La Procura della Repubblica di Lecce ha chiuso le indagini sull’omicidio della 49enne polacca Aneta Katarzyna Danelczyk, accoltellata a morte dal marito, il 56enne Albano Galati, il 16 marzo scorso a Taurisano: l’accusa per l’uomo, che viene ritenuto capace di intendere e di volere, è di omicidio volontario aggravato dal vincolo coniugale e di tentato omicidio perpetrato nei confronti di una vicina, presso la quale la vittima si era rifugiata nel tentativo di sfuggirgli.
Rispetto a quanto emerso nell’iter investigativo, nella prospettazione della PM Giorgia Villa viene meno l’aggravante della premeditazione, poiché la ricostruzione delle conversazioni telefoniche intercorse tra marito e moglie non sembra avere fornito elementi in tal senso (nonostante che Galati, pur senza essere preso sul serio, avesse confidato ad alcuni amici che aveva intenzione di commettere un omicidio).
L’uomo è stato sottoposto a perizia psichiatrica per decisione della Giudice per le indagini preliminari Giulia Proto e il professor Roberto Catanesi, docente di Psicopatologia Forense presso l’Università di Bari, lo ha ritenuto imputabile, in quanto non affetto da patologie psichiatriche in grado di escluderne la capacità di intendere e volere al momento dei fatti.
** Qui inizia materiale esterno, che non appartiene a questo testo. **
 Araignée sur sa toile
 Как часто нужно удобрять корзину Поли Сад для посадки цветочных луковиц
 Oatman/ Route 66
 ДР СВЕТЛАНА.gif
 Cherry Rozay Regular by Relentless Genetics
Il dubbio si era posto in quanto recentemente l’uomo, gravato da precedenti di polizia, aveva perso il lavoro ed era seguito dai Servizi Sociali, mentre dal 2011 era in cura presso una struttura psichiatrica.
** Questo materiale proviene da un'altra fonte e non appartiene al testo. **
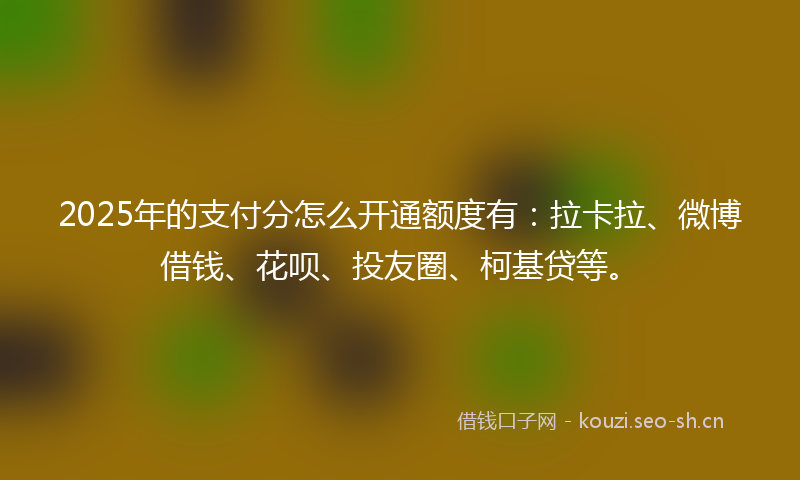 2025年的支付分怎么开通额度有：拉卡拉、微博借钱、花呗、投友圈、柯基贷等。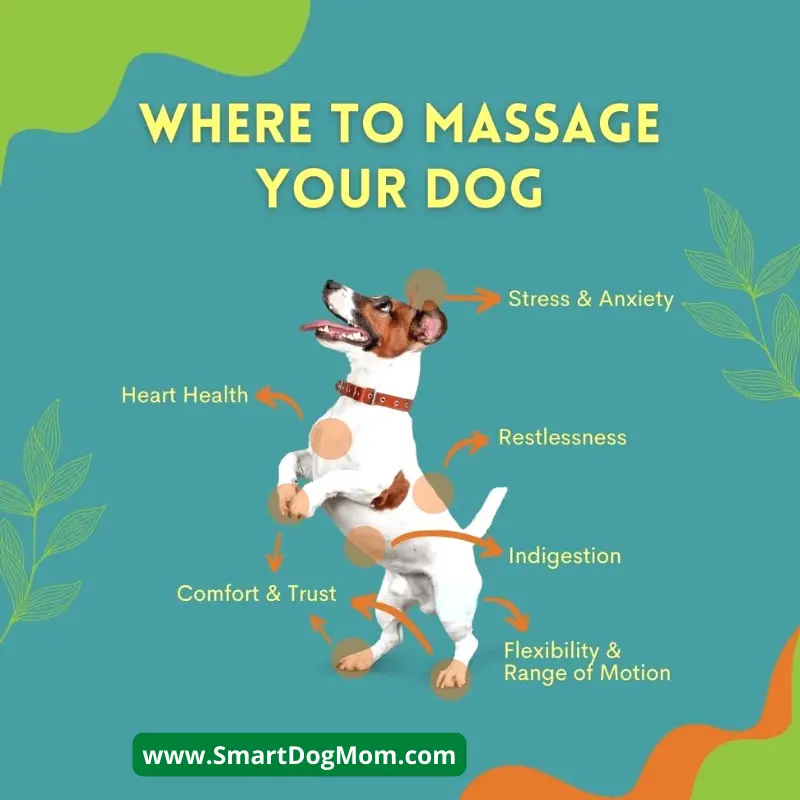 how to massage gas out of a dog and where to massage 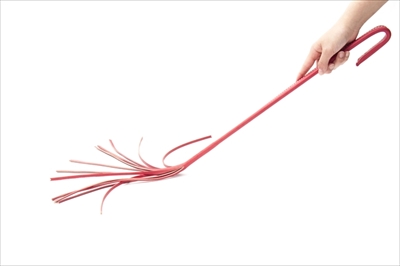 ねこじゃらすり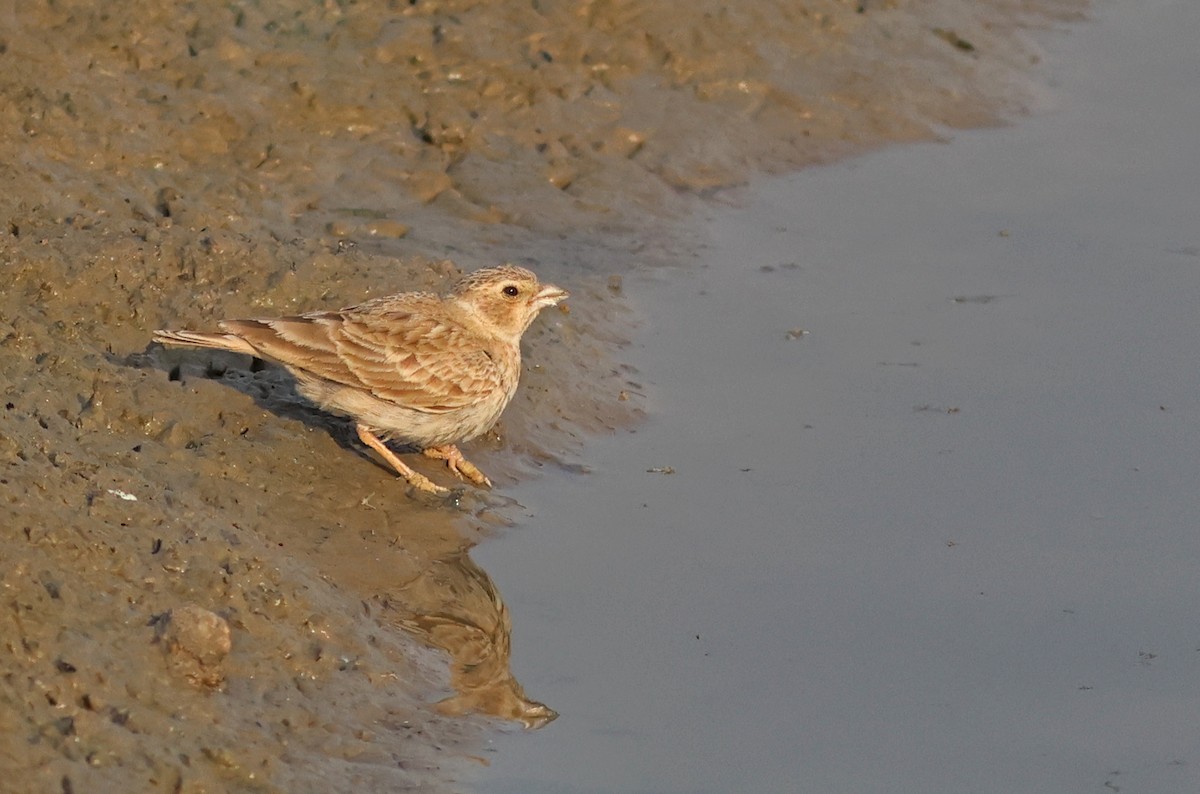 Ashy-crowned Sparrow-Lark - ML618544346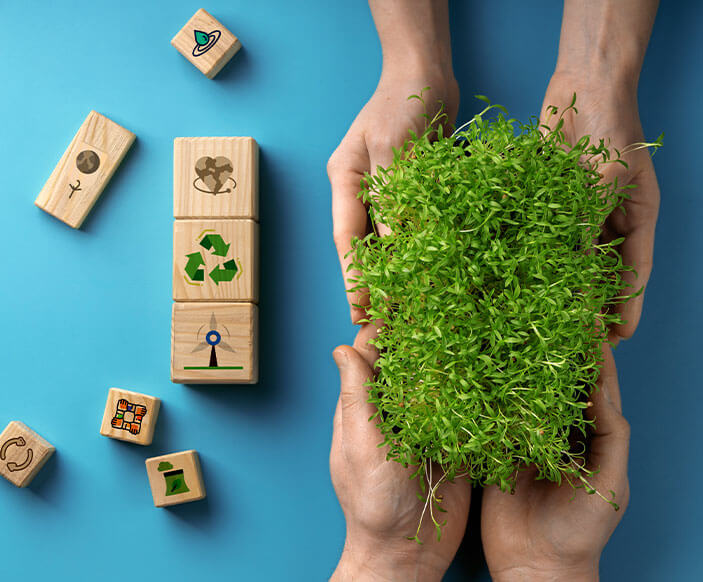 Prioritizing-Health-and-Safety--with-Phthalate-Free-Plasticizer-image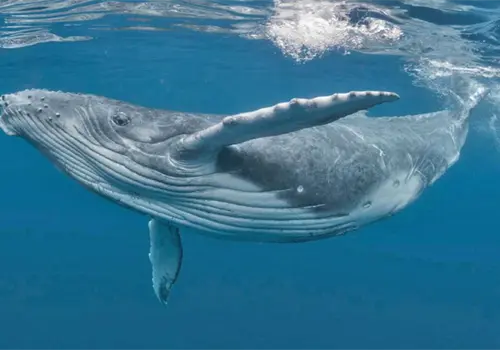 El coraz&oacute;n gigante de la ballena azul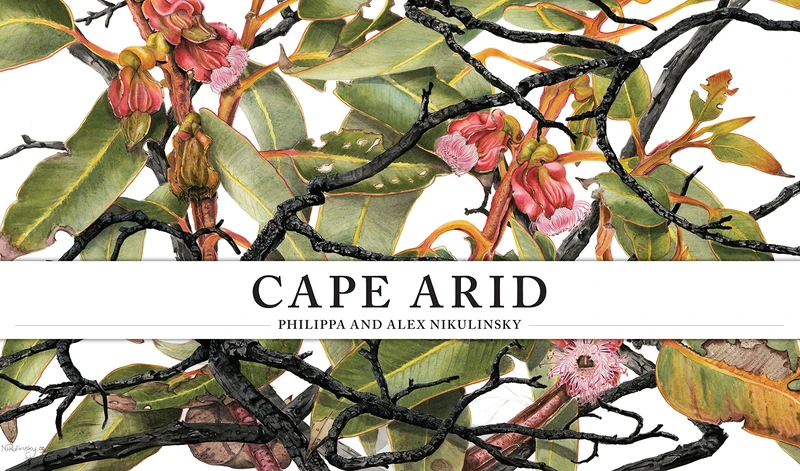 Cape Arid: A striking collection of Australian botanical art - Image 1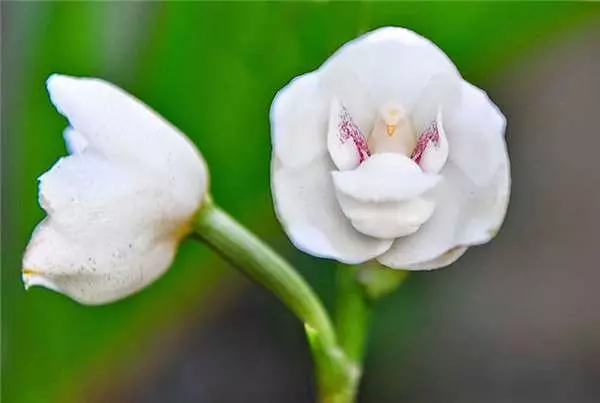 阿姑親一下! 17種「讓人傻眼以為來自外星」的花
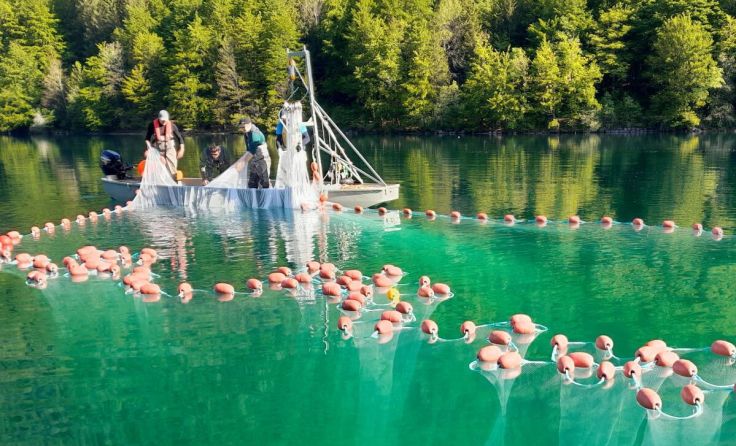Ringwadenbefischung am Vorderen Langbathsee (Foto: oebf/Luisa Wallner)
Il 16 marzo scorso Galati si era recato a casa della vittima, a Taurisano, per una visita al minore dei quattro figli della coppia quando, al culmine di una lite, impugnò un coltello da cucina a lama lunga scagliandosi prima contro la moglie e successivamente contro la vicina nella cui casa la donna aveva cercato di trovare riparo dalla furia omicida del marito.
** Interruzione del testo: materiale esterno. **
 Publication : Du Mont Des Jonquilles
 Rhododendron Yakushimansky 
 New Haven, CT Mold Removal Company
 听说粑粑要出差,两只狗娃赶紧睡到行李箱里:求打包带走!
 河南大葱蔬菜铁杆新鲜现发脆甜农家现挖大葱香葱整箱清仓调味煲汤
Dopo l’omicidio, in evidente stato di alterazione psicofisica, Galati chiamò il 113 e poi andò in un bar per bere whisky: una volta condotto in commissariato, si addormentò, probabilmente in preda ai fumi dell’alcol, asserendo di non ricordare quanto aveva fatto.
La Gip Proto aveva definito la personalità dell’uomo “violenta e cruenta, priva di freni inibitori e capace di perpetrare delitti della più inaudita gravità”.